MAESTRO-Pool Enables Highly Parallel and Specific Mutation-Enrichment Sequencing for Minimal Residual Disease Detection in Cohort Studies

Tracing patient-specific tumor mutations in cell-free DNA (cfDNA) for minimal residual disease (MRD) detection is promising but challenging. Assaying more mutations and cfDNA stands to improve MRD detection but requires highly accurate, efficient sequencing methods and proper calibration to prevent false detection with bespoke tests.MAESTRO (Minor Allele Enriched Sequencing Through Recognition Oligonucleotides) uses mutation-specific oligonucleotide probes to enrich cfDNA libraries for tumor mutations and enable their accurate detection with minimal sequencing. A new approach, MAESTRO-Pool, which entails pooling MAESTRO probes for all patients and applying these to all samples from all patients, was used to screen for 22 333 tumor mutations from 9 melanoma patients in 98 plasma samples. This enabled quantification of MRD detection in patient-matched samples and false detection in unmatched samples from other patients.
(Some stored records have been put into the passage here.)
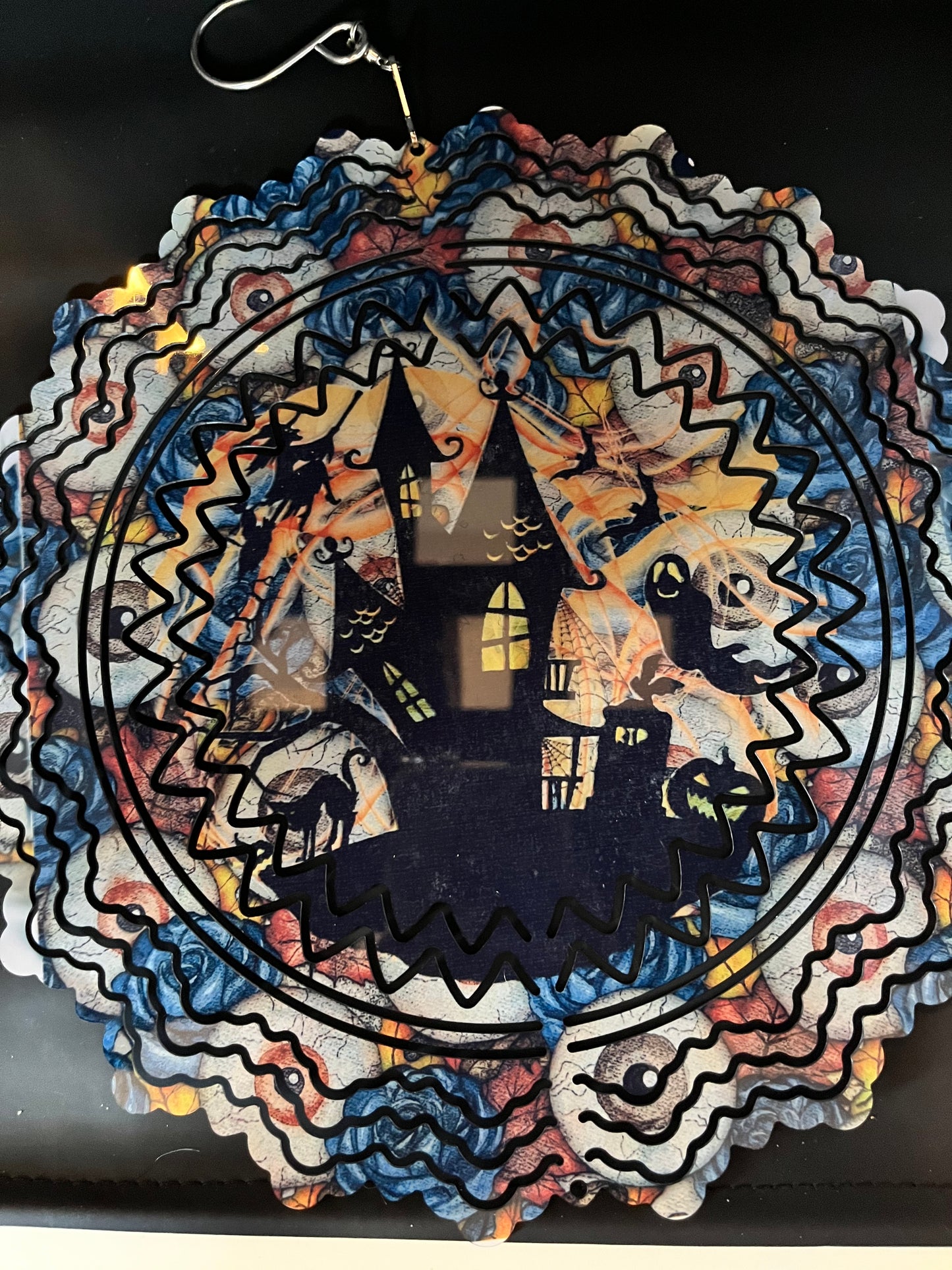 Haunted House wind spinner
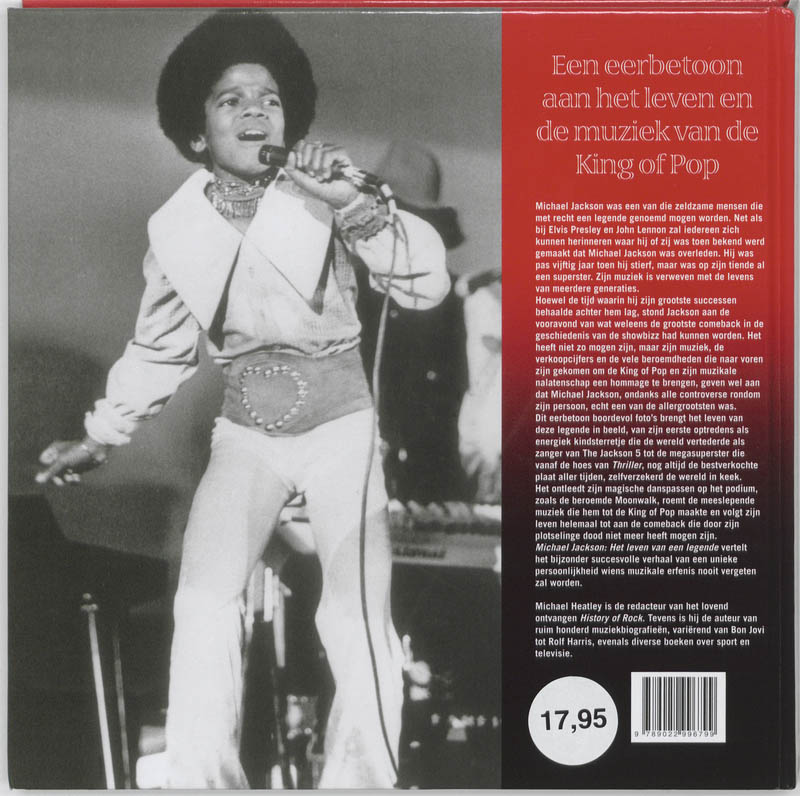 Achterkant van Michael Jackson - Het leven van een legende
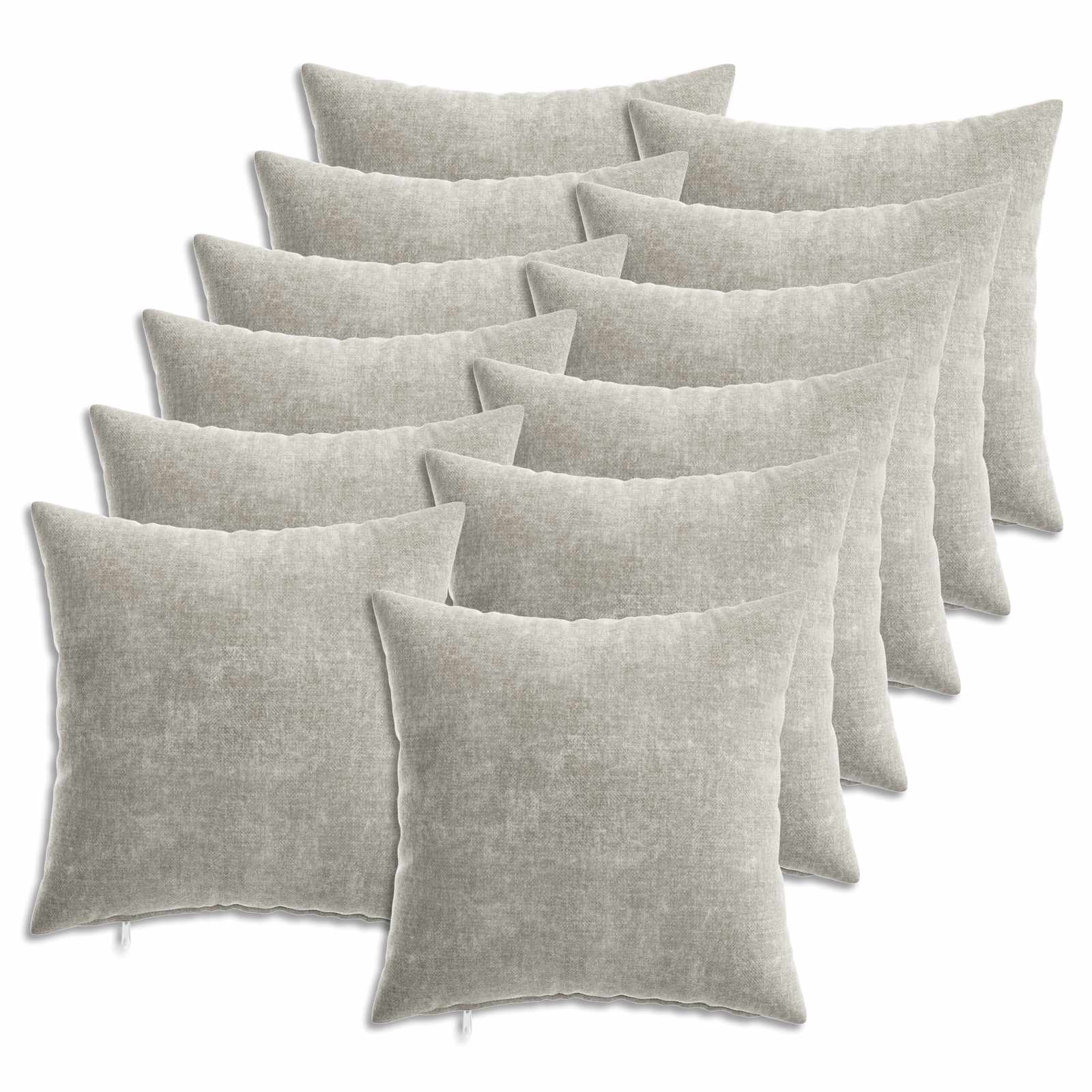 Párna huzat 12 pcs heerlen világosszürke 40 x 40 cm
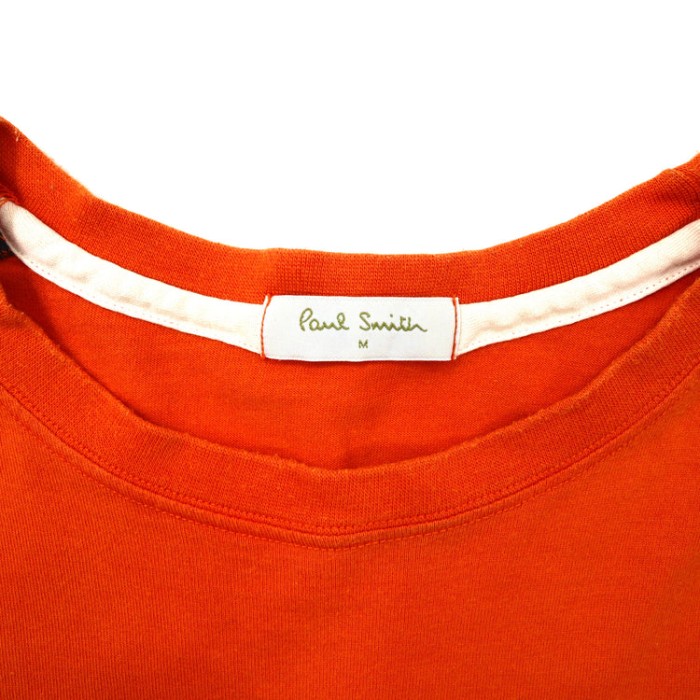 Paul Smith ショルダーラインTシャツ M オレンジ コットン | Vintage.City 古着屋、古着コーデ情報を発信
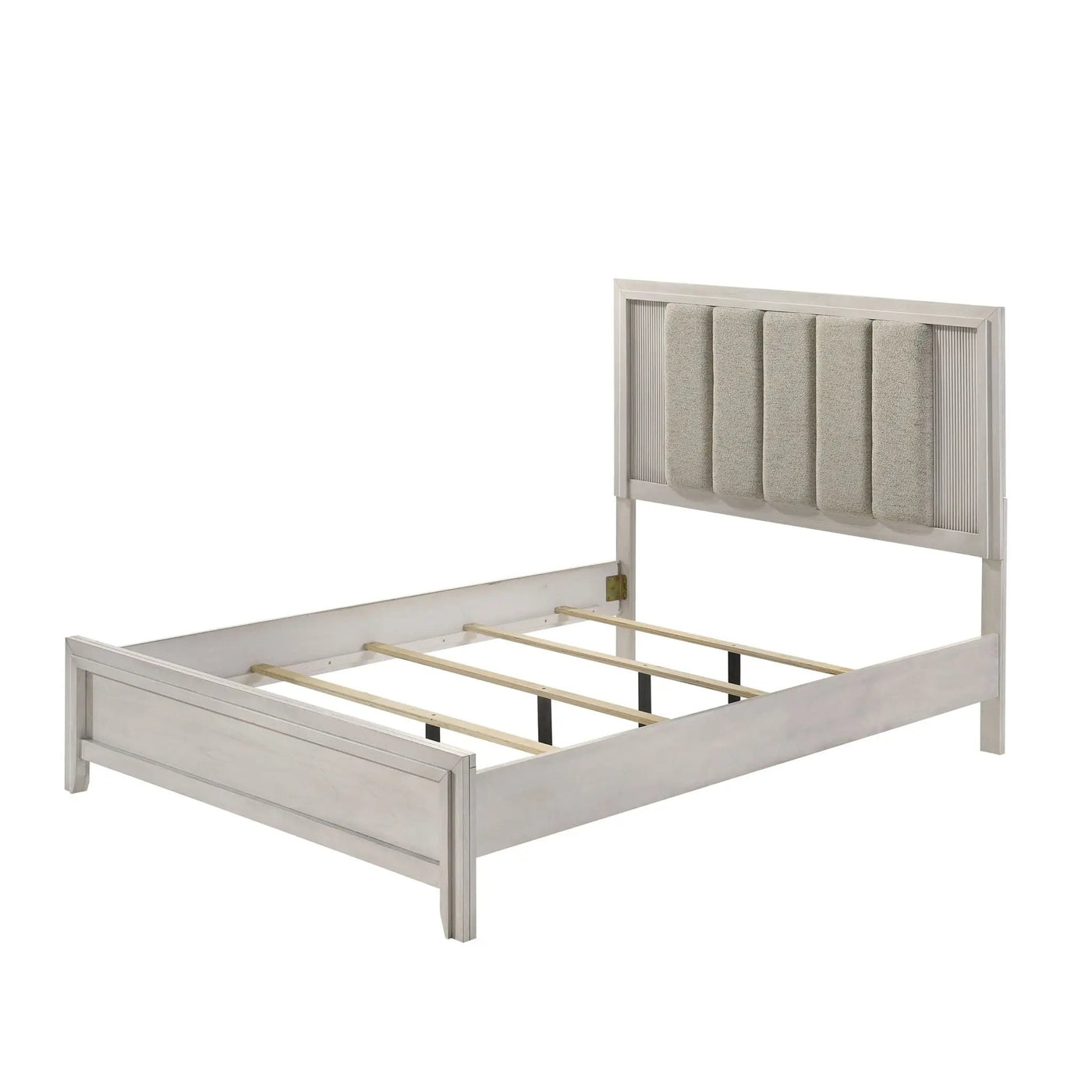 Plush Upholstered Headboard Framed Bed by HouseOfZazla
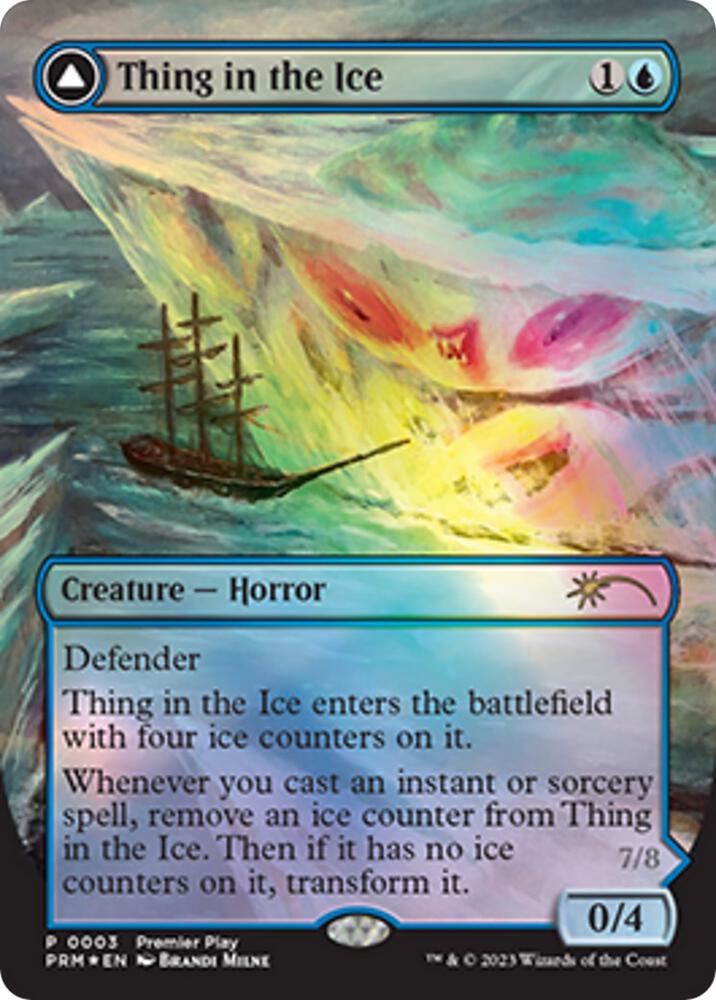 Thing in the Ice 3 card from Pro Tour Promos
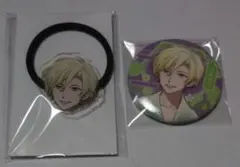 優馬 2点セット 月夏祭 アクリルヘアゴム 缶バッジ ツキプロ VAZZROCK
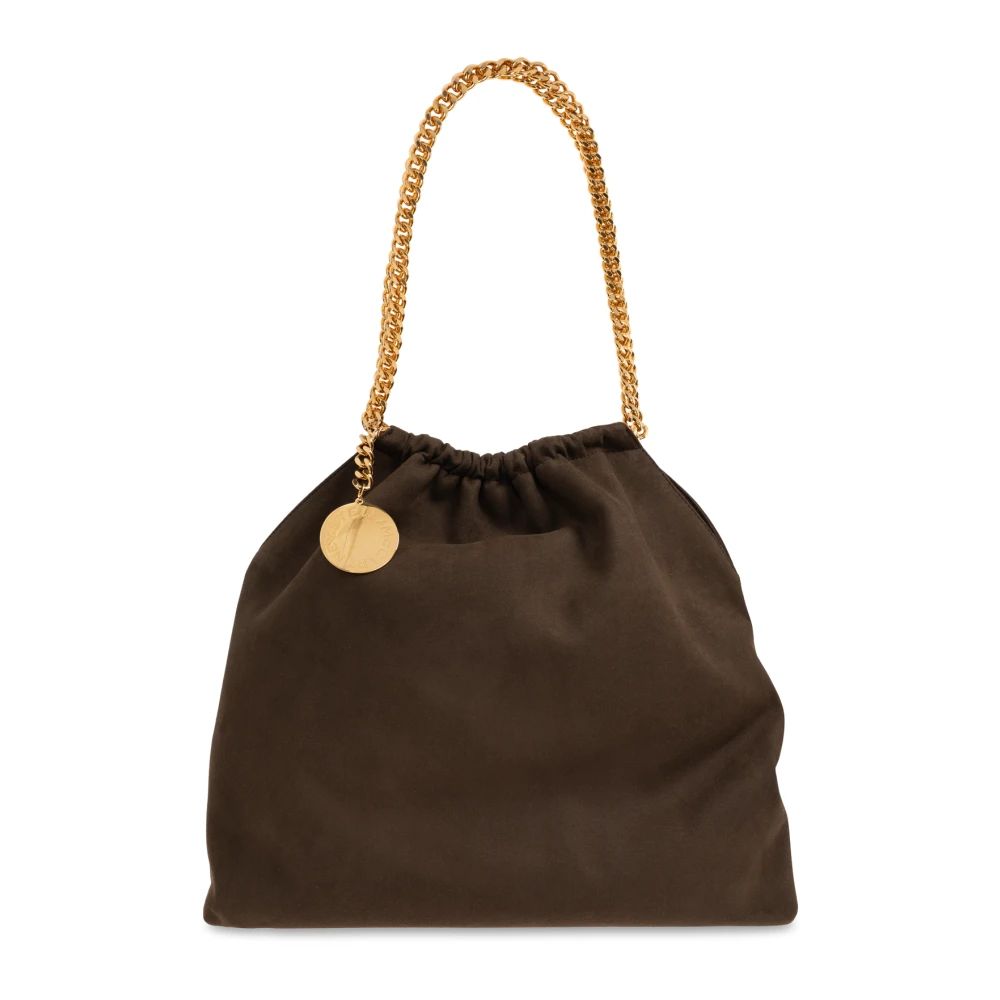 Stella Mccartney Brun Falabella Medium Axelväska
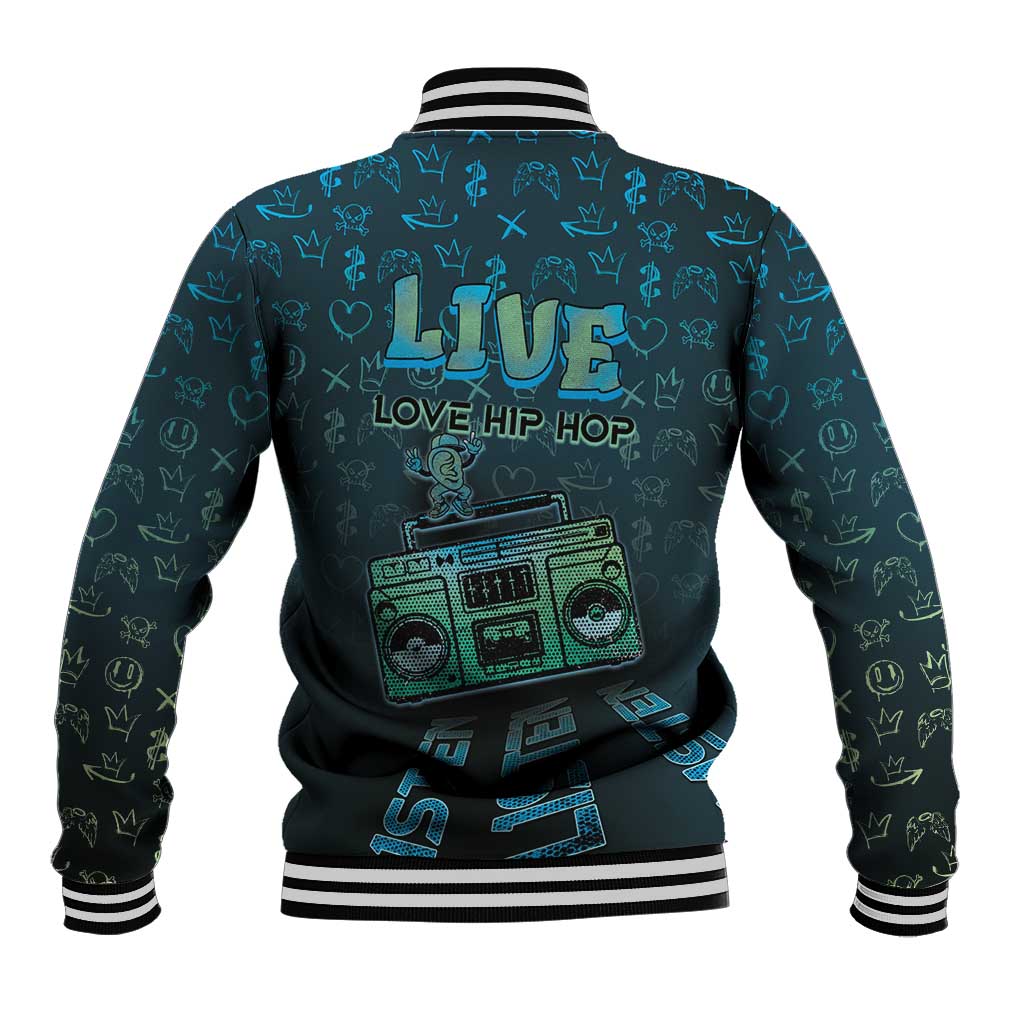Dope Like Hip Hop Baseball Jacket Hiphop Graffiti Style - African Pride
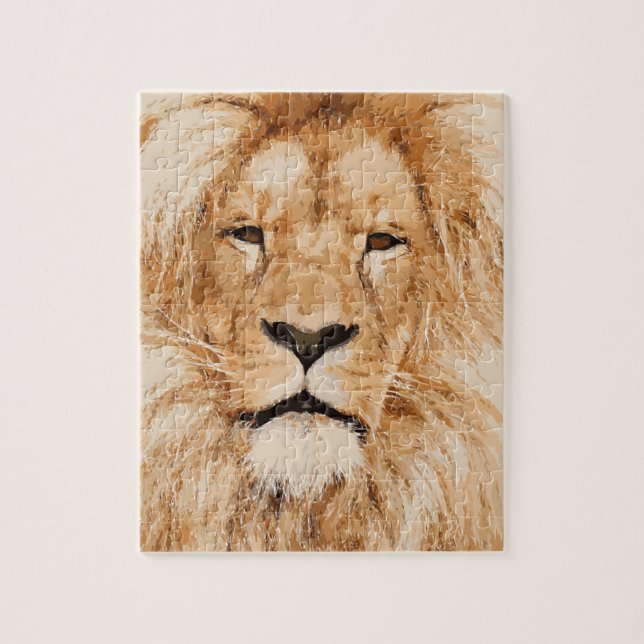 LION PORTRAIT JIGSAW PUZZLE (Vertical)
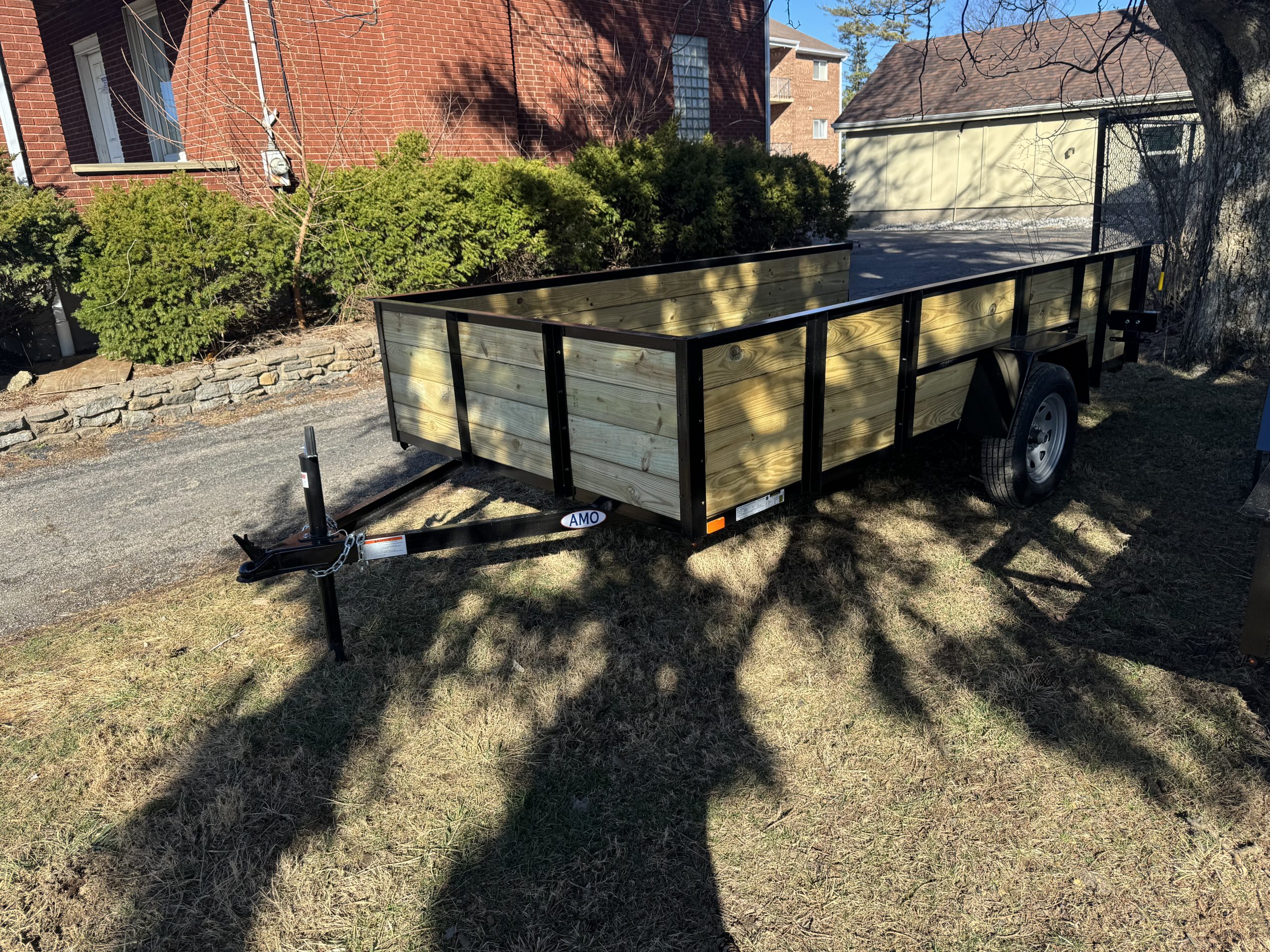 6 X 12 High Side Utility Trailer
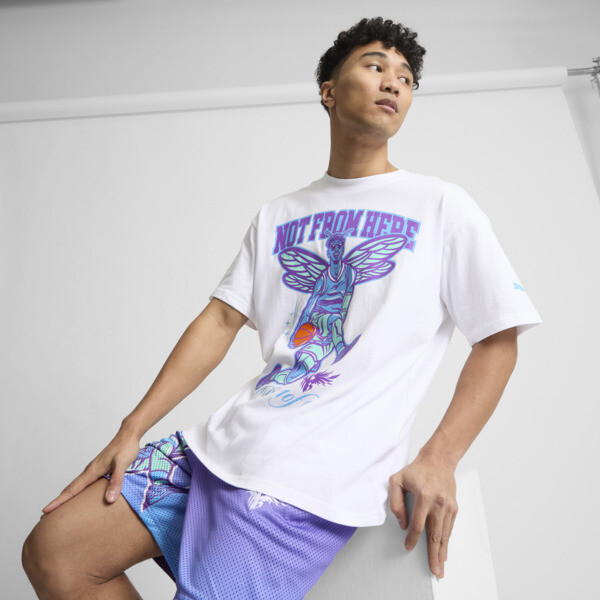 PUMA x LAMELO BALL CHARLOTTE Men's Basketball T-Shirt in White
To detect MRD, a new dynamic MRD caller was used that computes a probability for MRD detection based on the number of mutations and cfDNA molecules sequenced, thereby calibrating for variations in each bespoke test.MAESTRO-Pool enabled sensitive detection of MRD down to 0.78 parts per million (ppm), reflecting a 10- to 100-fold improvement over existing tests. Of the 8 MRD positive samples with ultra-low tumor fractions <10 ppm, 7 were either in upward-trend preceding recurrence or downward-trend aligning with response. Of 784 patient-unmatched tests, only one was found as MRD positive (tumor fraction = 2.7 ppm), suggesting high specificity.MAESTRO-Pool enables massively parallel, tumor-informed MRD testing with concurrent benchmarking of bespoke MRD tests. Meanwhile, our new MRD caller enables more mutations and cfDNA molecules to be tested without compromising specificity. These improve the ability for detecting traces of MRD from blood.